Aside from that third floor, the rest of the house was more of a project. “It was nowhere in the same shape as it was today,” Mr. Cote said. “It was perfectly livable, but there was lots of work to do, and that’s something we like to take on. We fell in love and bought it.”
The house today
From street, the 150-year-old house looks like a rather small blue-painted, board and batten cottage – instead of the deep and tall structure it really is. The exterior was one of the projects the couple took on, removing a all the old vinyl siding and replacing the postwar stucco. While they were at it, the whole place was reinsulated (and yards of knob-and-tube wiring and galvanized piping were removed and replaced).
Another major project was the landscaping in the front. “We redid the whole front yard; a new retaining wall and a new porch; a shed for garbage. I’ll tell you, we spend a lot of time on the front porch. We quite enjoy it,” Mr. Cote said. “The neighbours come by and we can socialize.”
Through the front door is the central hallway that travels straight to the back of the house, with the stairs leading to the second and third floors directly ahead, and the front sitting room on the right. One of the last things the couple did was take down a wall that separated the hall from the front room, which they had earlier updated with crown mouldings and a marble fireplace mantle. The bay window facing the street now fills this front portion of the house with sunlight.
“Every year we had a project on the go,” Mr. Cote said. "Basically every part of that house was touched, through time ... it needed it and it’s a house that deserves it. "
There are four bedrooms: two on the second floor are roughly 11 feet by 12 feet; the third is currently configured as a home office in its nine-foot by seven-foot space with a window looking onto Sumach. As is common with homes of its age, none of the rooms came with closets, although one of the bedrooms has had one added in a corner. All three bathrooms in the house have been updated. The shared bath on the second floor has a standalone tub and separate shower. Also on the second floor is the laundry, relocated out of the unfinished basement and accessible from the second bedroom and the hall at the top of the stairs.
“The kitchen was not functional, it was one of the first things we tackled,” Mr. Cote said. Running along the left side of this space is a row of pantry cupboards in a deep brown wood with the cabinetry built around the fridge-freezer and separate wine fridge. More dark cabinetry continues along that wall into a family room just beyond the kitchen. This back room is a single storey added by a previous owner. “That room in the back with the cathedral ceiling, when we moved in that was walled. We removed that wall, put in a new kitchen and changed the floors.”
On the right side of the kitchen is a U-shaped run of quartz counters and white-painted cabinetry (with gas range and stove).

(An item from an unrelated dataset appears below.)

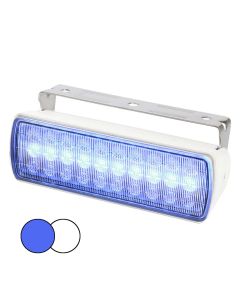 Hella Marine Sea Hawk XL Dual Color LED FloodLights - Blue/White LED - White Housing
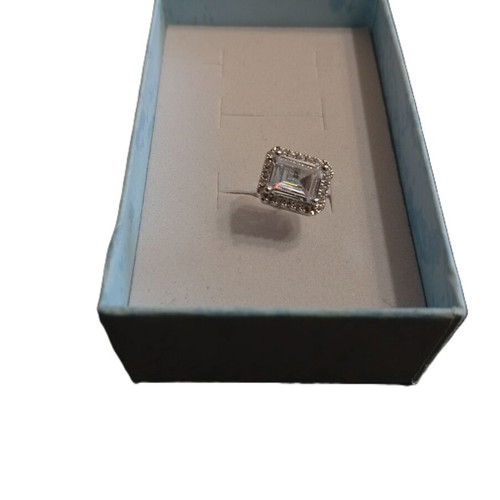 Earring with diamond, zircon, moissanite, silver 925 plated new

On the other side of the counter is the cathedral room, with an eating space on the left and a couch and entertainment centre – and a wood-burning fireplace – on the right. This back room has two exits leading outside, on the rear wall a set of double French doors in a bay, on the side another door to the side yard. The cathedral element is an octagonal cove in the ceiling (there’s also a small skylight for even more light in the room).
The backyard is largely paved in flagstone, with a sheltered sitting area, and a two-car parking pad off the rear laneway and a small wooden shed.
“The backyard in the summer is just beautiful, we spend a lot of time there,” Mr. Cote said. “In the wintertime in particular we like to have a glass of wine in the living room with the wood burning in the fireplace, that’s always something we’ve looked for in houses.”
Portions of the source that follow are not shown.